LGBTIQ*-Initiative in Berlin: Queere Buntheit gegen Rechts
Die AfD nutzt Homosexualität, um gegen Geflüchtete Stimmung zu machen. Die Initiative „Keine Stimme den Blauen und Braunen“ hält dagegen.
„Queere Personen sind genauso politisch und unpolitisch wie alle anderen“ – ein Grund für Heiko Großer, die parteiübergreifende, queere Initiative „Berlin braucht uns! Keine Stimme den Blauen und Braunen“ ins Leben zu rufen.
Es sei ein Irrglaube, dass Lesben, Schwule, Inter- und Transsexuelle automatisch politisch interessiert oder gar „linksgrün“ ausgerichtet seien, so Großer, der im Vorstand der Berliner Aidshilfe sitzt: „Sie haben die gleichen Ängste und Verhaltensmuster wie alle anderen auch bei Wahlen.“
Beim Thema Flucht sei es etwa die von rechtspopulistischen Parteien geschürte Angst, Privilegien an ankommende Geflüchtete abtreten zu müssen. Auch Homosexuelle würden davon zu „unsagbar nationalistischen“ Denkmustern verleitet, sagt Manuela Kay, Chefredakteurin des lesbischen Magazins L-Mag aus Berlin.
Unter manchen von ihnen gebe es auch die Hoffnung, mit rassistischen Positionen mehr Akzeptanz durch die Mehrheitsgesellschaft zu erlangen: „Nach oben buckeln, nach unten treten“ – damit versuchten manche „verblendete Homosexuelle“ ihren Stand zu verbessern, so Kay.
Bewusst wählen
Deshalb hat sich die Initiative „Berlin braucht uns!“ zur Aufgabe gemacht, ganz gezielt LGBTIQ* anzusprechen, um sie für den Wahlgang zum Berliner Abgeordnetenhaus am 18. September zu mobilisieren. Laut Initiative soll die Kampagne zu einer eigenständigen Auseinandersetzung mit Inhalten rechter Parteien und einer bewussten Wahlentscheidung bewegen.
LGBTIQ* steht für lesbische, schwule, trans- und intersexuelle sowie queere Menschen. Auch als Selbstbezeichnung steht LGBTIQ* für eine Gruppe von Menschen, die aufgrund ihrer sexuellen Orientierung und/oder Geschlechteridentität von der heterosexuellen Norm abweicht.

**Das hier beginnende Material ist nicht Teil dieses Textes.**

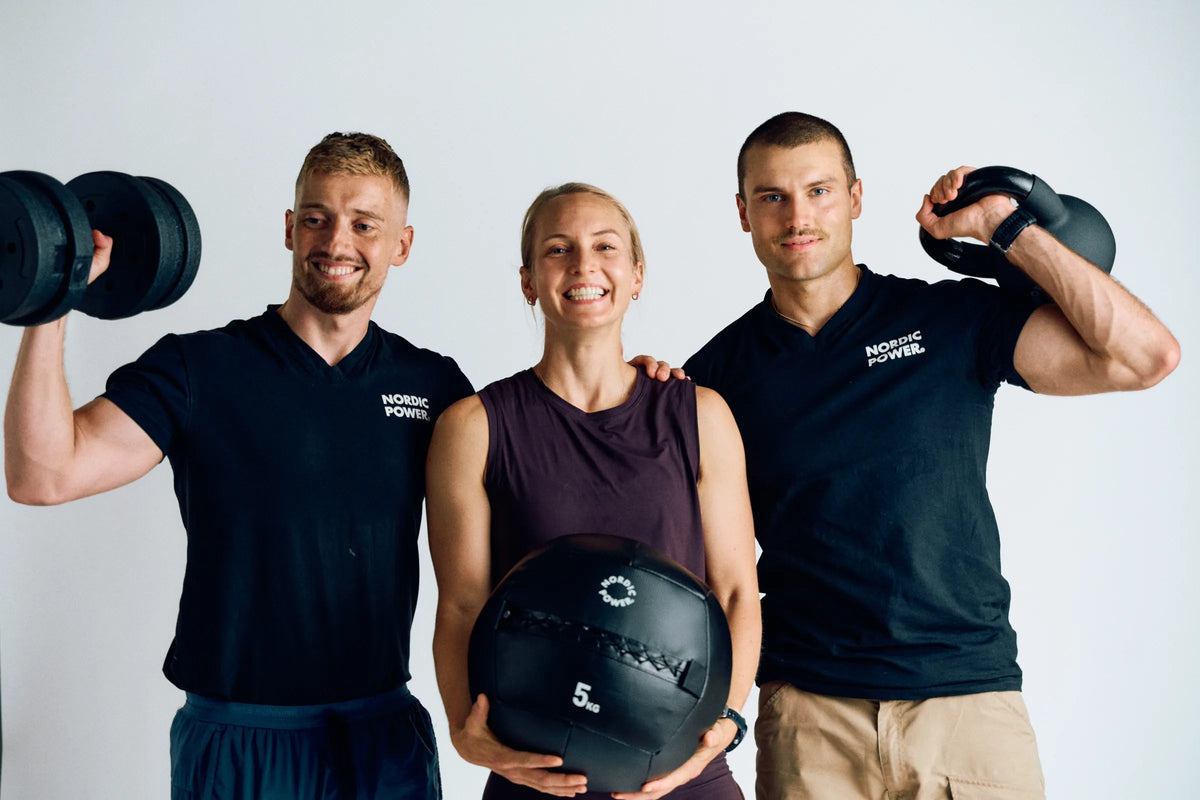 Maxis-team med justerbare håndvægte, wall ball og kettlebell i et lyst træningsstudie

Mittlerweile zählt das Bündnis 63 Organisationen, Vereine und Gruppen. Erfreut und überrascht zugleich zeigt sich Großer über den breiten Zuspruch – vor allem angesichts der Tatsache, dass die queere Community in Berlin sehr zerstritten sei. Weder hier noch in Deutschland habe es bisher ein solch großes Bündnis von LGBTIQ* gegeben, wenn auch manche Organisationen abgewinkt hätten, weil ihnen die Initiative „zu politisch“ sei.

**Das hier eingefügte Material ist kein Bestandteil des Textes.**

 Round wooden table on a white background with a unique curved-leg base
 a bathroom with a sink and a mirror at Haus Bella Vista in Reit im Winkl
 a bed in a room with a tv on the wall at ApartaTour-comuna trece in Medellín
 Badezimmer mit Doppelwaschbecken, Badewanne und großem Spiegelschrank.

Der Titel der Kampagne „Arsch hoch!“ ist dabei Programm. Bei kaum einer relevanten Veranstaltung hat die Initiative seit ihrer Gründung gefehlt: weder beim CSD und dem lesbisch-schwulen Stadtfest noch bei der antifaschistischen Demonstration „Für eine solidarische Gesellschaft – Gegen rechte Hetze!“ am 30. Juli.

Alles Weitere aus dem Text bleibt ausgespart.